21stCenturyJudaism.com

The website of Rabbi Moshe Pitchon

Who is Afraid of Israel’s Supreme Court?

In a democratic society, the primary activity of a Supreme Court consists in policing the practices of state and private organizations that impose their aims by trespassing into the individual realm of its citizens.

 

            Not surprisingly, Supreme Courts worldwide are the priority stumbling block that needs to be neutralized in the agenda of would-be authoritarian and theocratic states.

 

            The Israeli Supreme Court, for sure, is not exempt from occasionally lapsing into the rights of state and religion.
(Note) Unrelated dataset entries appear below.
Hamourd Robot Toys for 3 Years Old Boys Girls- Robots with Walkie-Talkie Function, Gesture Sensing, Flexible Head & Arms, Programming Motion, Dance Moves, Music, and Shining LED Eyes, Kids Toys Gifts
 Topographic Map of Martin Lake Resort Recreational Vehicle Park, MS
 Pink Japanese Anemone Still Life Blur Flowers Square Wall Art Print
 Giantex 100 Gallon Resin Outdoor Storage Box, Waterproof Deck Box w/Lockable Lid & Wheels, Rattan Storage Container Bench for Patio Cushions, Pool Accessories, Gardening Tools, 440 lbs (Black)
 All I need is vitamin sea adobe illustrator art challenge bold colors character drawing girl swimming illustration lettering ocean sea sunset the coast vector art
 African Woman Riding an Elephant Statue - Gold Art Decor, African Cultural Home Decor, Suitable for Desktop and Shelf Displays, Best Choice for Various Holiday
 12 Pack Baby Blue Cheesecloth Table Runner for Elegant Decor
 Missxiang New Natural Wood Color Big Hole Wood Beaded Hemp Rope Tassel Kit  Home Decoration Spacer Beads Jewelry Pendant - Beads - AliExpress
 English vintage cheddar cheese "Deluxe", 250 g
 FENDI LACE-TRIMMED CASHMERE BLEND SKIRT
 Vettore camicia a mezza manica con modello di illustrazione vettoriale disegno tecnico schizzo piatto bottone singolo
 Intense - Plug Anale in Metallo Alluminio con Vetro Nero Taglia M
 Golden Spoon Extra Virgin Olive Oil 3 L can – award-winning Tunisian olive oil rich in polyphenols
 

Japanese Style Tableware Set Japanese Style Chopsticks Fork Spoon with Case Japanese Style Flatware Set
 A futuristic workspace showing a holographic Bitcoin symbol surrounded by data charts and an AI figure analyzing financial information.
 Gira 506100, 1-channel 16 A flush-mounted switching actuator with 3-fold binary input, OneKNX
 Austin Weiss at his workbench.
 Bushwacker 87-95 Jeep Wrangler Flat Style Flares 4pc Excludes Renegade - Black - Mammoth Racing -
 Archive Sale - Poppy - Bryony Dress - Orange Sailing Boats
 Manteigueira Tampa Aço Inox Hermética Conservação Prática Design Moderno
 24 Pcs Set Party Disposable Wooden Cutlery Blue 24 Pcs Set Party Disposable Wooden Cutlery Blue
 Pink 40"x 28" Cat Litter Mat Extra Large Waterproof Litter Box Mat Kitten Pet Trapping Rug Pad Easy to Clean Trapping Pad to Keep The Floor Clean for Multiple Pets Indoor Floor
However, by not having a Constitution delineating the parameters of institutional activities, the Israeli Supreme Court has to fill the gaps created by incomplete or lack of legislation and times erring as it does it.

 

            Israel’s recently elected 37th government is dominated by a coalition of parties and individuals uncompromisingly set on subduing the country’s legal system in what many observers characterize as a “hostile take-over” of the country’s democratic institutions.

 

            At the bottom is whether Israel is to be a pluralistic democracy or, like Iran, a theocratic entity.

 

           

Religious Zionists, with their aim of extending Israeli sovereignty and rebuilding Jerusalem’s Temple, and Haredi sectarians convinced that theirs is the only “real” Judaism are primarily responsible for the tension that has characterized the relationship between the Supreme Court and governments from the right and sects of Haredi Jews.  Since the state’s foundation, this tension has been brewing increasingly, now reaching a precarious breaking point.